There are lots of reasons to be concerned about the MoJo experiment. Most of the content created by MoJos wouldn't meet the standard definition of news. Much of it appears only online. And, according to the Post story, little MoJo content is proofed by an editor.

Ahrens tells me he likes the idea of getting reporters out of the newsroom and into the communities they cover. In some ways, he says, it's good, old-fashioned shoe-leather journalism. But, based on what he saw in Fort Myers, the experiment has a long way to go.

"At times it seems like there's a lack of discrimination in the material," Ahrens says. "It doesn't matter if it's a school lunch menu or a city council meeting."

No doubt, there are flaws. MoJo journalism does "some things that really stick a thumb in the eye of journalism orthodoxy," Ahrens says. But he is quick to point out that this is an early edition of an innovative project. In essence, it's a draft.

One of my colleagues, Poynter Online associate editor Meg Martin, wondered what difference there is between a MoJo and a citizen journalist. The MoJos are, of course, paid by the newspaper. But despite their expensive college degrees, they produce content that, for the most part, requires very little in the way of journalistic training.

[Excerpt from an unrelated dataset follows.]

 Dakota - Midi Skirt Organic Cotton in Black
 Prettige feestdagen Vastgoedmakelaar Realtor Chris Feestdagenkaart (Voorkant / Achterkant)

What if a news organization were to turn the Gannett formula on its head? Instead of paying professional journalists to produce basic local content, locals could be paid to do it themselves. According to a Gannett news release, that's part of the plan -- MoJos are expected to spend half their time training locals to post dispatches of their own to the newspaper's Web site.

But to find an example of a full flip of the formula, we need only look to a recent move by Yahoo News and Reuters. According to a story in Monday's New York Times, the two news organizations have partnered to place user-submitted photographs and videos throughout their Web sites. If Reuters decides to distribute one of the photographs to the subscribers of its news service, the Times reports, the citizen photojournalist will be paid accordingly.

"This is looking out and saying, 'What if everybody in the world were my stringers?' " Reuters media group president Chris Ahearn tells the Times.

Despite the flaws inherent in experimentation, one thing is certain: It is not going away. As circulation and ad revenues continue to fall, news organizations will continue to seek ways to pull them back up -- and to find entirely new ways to make money.

Most editors agree that enhancing local coverage is key.

Ahrens, the Post reporter, knows that. On his washingtonpost.com blog Monday, Ahrens wrote that his newspaper recently underwent an attitude adjustment, shifting its unspoken slogan from "If you don't get it, you don't get it," to "If it's important to you, then it's important to us."

At The News-Press, that means deploying a team of MoJos armed with laptops, cameras and recorders. At the Post, Ahrens says, it means hiring newspaper Web site designer Rob Curley, known nationwide for his groundbreaking work in creating an intensely local and interactive Web site for the Naples (Fla.) Daily News and the Lawrence (Kan.) Journal-World. And, across the board, it might simply mean that regular reporters start to act a little like MoJos.

Look, for example, at the image of Myron, the Fort Myers MoJo, that ran alonside the story about him. It wasn't made by a photojournalist. Ahrens did it himself.